ACTION ITEM ->
Count up the lines of the data below that contain the string "Vintage", then give only the total.

*** DATA ***

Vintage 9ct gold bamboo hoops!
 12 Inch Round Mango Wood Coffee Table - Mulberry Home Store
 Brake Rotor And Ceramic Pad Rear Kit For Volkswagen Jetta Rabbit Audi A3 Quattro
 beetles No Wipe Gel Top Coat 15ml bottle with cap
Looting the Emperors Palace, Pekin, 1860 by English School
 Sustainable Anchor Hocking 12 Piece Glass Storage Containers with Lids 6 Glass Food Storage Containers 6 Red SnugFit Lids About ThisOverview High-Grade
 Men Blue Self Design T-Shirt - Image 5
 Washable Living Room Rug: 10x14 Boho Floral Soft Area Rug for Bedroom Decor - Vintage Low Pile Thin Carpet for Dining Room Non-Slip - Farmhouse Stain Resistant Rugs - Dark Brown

*** End of DATA ***
*** DATA ***

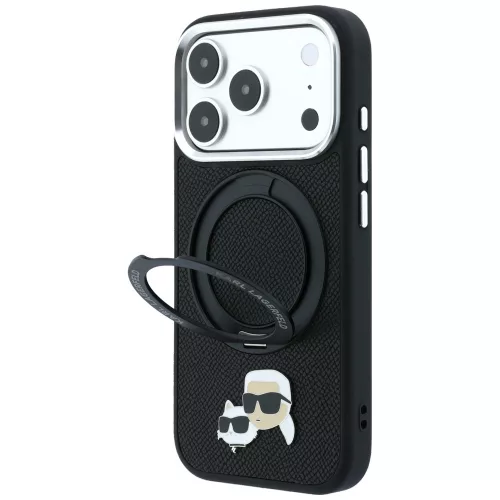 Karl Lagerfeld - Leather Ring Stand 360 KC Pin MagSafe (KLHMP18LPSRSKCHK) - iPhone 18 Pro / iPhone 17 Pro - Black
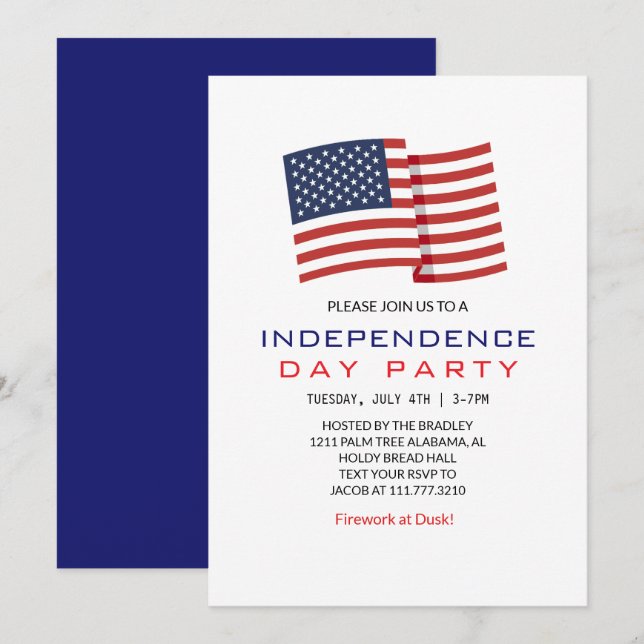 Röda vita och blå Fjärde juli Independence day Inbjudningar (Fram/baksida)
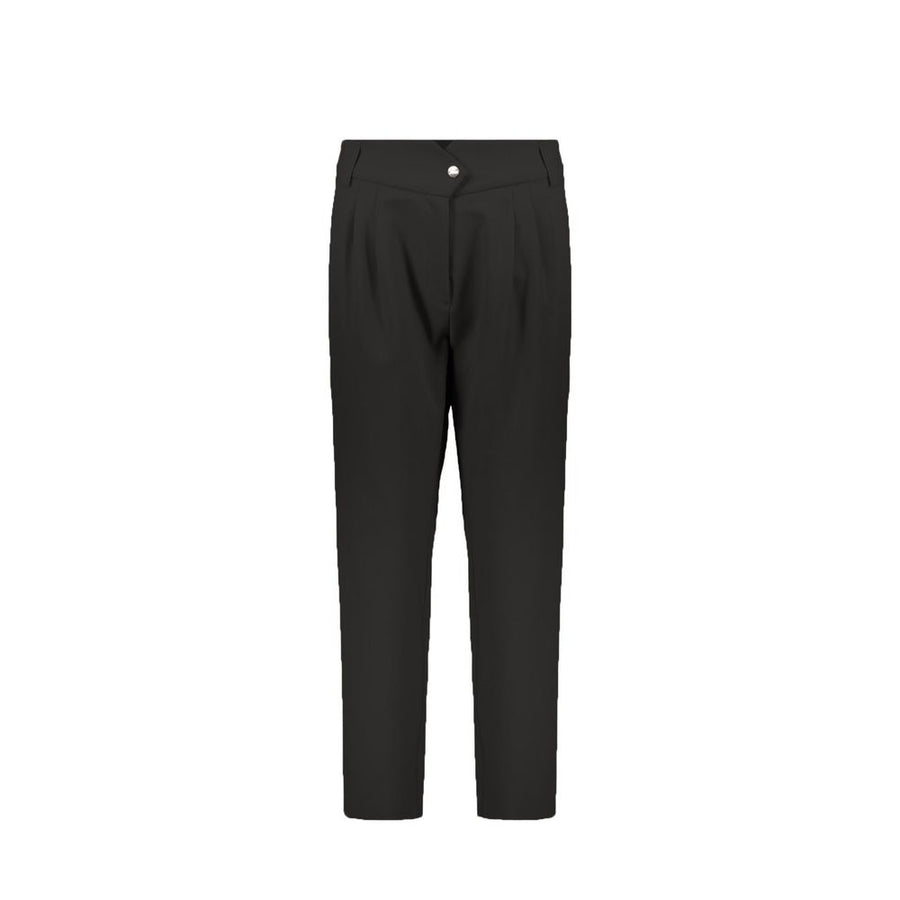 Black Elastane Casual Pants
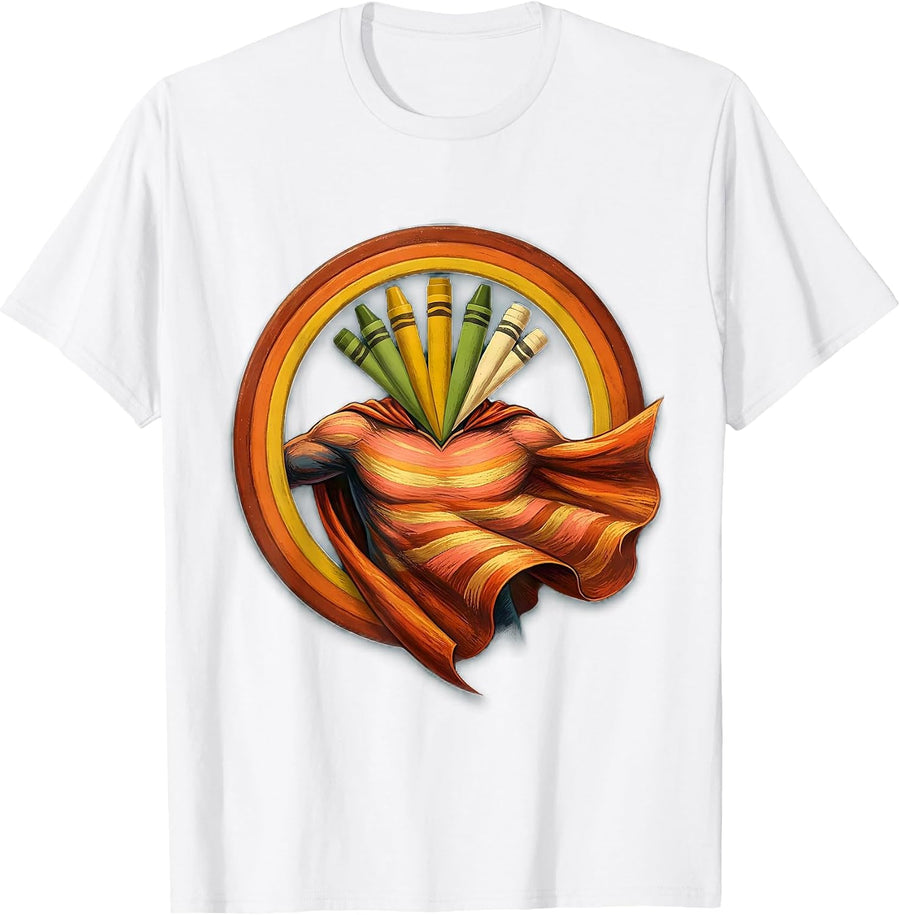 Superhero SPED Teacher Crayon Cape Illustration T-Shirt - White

*** End of DATA ***

RESPONSE BELOW ->
2